The 800,000 affected federal workers were fewer than one half of 1 percent of the nation’s total work force, so even when government contractors are added, the shutdown affected just a sliver of the country’s G.D.P. No worries there.
But that analysis is far too simple.
Seemingly small events can cause enormous problems. Think back to 2001 and the last recession of a “normal” size. (The recession that started in December 2007 was, by far, the deepest and longest since the Great Depression — about as far from normal as a recession can be.)
The 2001 recession developed when the internet bubble popped, or at least that’s how we tend to remember it. But go back and check the numbers. The internet accounted for, at most, about 2 percent of the economy then. If we use the logic we’ve been applying to trade wars and government shutdowns, it would seem that popping the internet bubble shouldn’t have been enough to cause a recession. But it did.
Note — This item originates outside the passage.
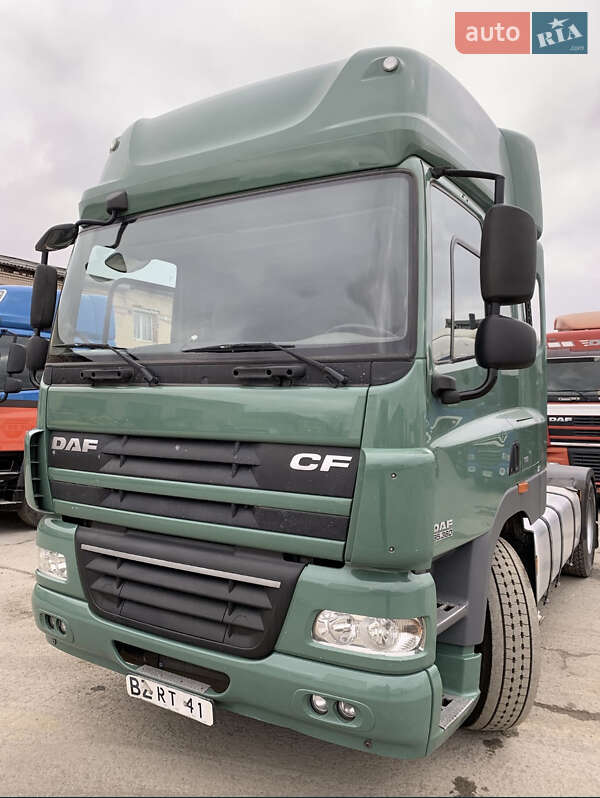 Тягач DAF CF 85 2012 в Львове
The reason it did was that the pop freaked out people outside just the internet sector. Consumer confidence plunged, and businesses stopped investing. The recession spread far beyond its origin.
In this sense, virtually every recession in the last 40 years coincided with a signal of fear, like a significant drop in consumer confidence. Sometimes confidence fell and didn’t spiral into recession, but all recessions have started with a confidence spiral.
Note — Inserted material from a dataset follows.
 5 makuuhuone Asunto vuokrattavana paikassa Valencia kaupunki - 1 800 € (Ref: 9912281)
The very biggest drops in confidence in the last 40 years came from major events like the collapse of Lehman Brothers in 2008 and the popping of the internet bubble, which led to recessions, but close on their heels were episodes of government dysfunction, which did not necessarily culminate in recessions. These include the debt ceiling crisis of 2011 and the government shutdown of 2013.
The most recent shutdown seems no different in this respect. In the last survey before the government reopened, consumer confidence fell the most it had in almost three years, and confidence among chief executives dropped to the lowest level in seven years. The shutdown doesn’t seem to have caused a recession, but it would be unwise to celebrate.
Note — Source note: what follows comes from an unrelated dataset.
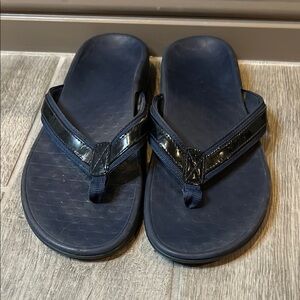 Vionic Navy Tide Thong Sandals size 10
Another government shutdown could spiral into something far more damaging than the small decline in workers’ share of the economy that the simple math suggests. An escalating trade war with China could ignite a recession, even if the numbers show that trade isn’t a large share of the United States economy. These events just need to spook consumers or businesses into putting off spending, and then more dire consequences can start to snowball.
So let us all hope for excellent jobs numbers in the months to come, along with a rebound of G.D.P. growth. That may well happen, but it would be a mistake to be overconfident and assume that the economy will automatically weather a major policy blunder. If something scares people enough, it can start a recession, and you probably won’t know until it’s too late.
That’s because recessions are hard to recognize at the start. Looking back, for example, we know that a recession officially began in April 2001, yet scarcely anyone understood that then. In June 2001, only 7 percent of economists in the monthly Blue Chip survey believed a recession was underway. In the months before that 2001 recession began, only 16 percent of economists expected that a recession would start within the next year. Now, 25 percent of economists in a Wall Street Journal survey say they expect a recession within the next year, and anxiety seems to be growing.
The great pitcher Satchel Paige once advised: “Don’t look back. Something might be gaining on you.” Had he been an economist, he might have added, “And don’t start a trade war, either.”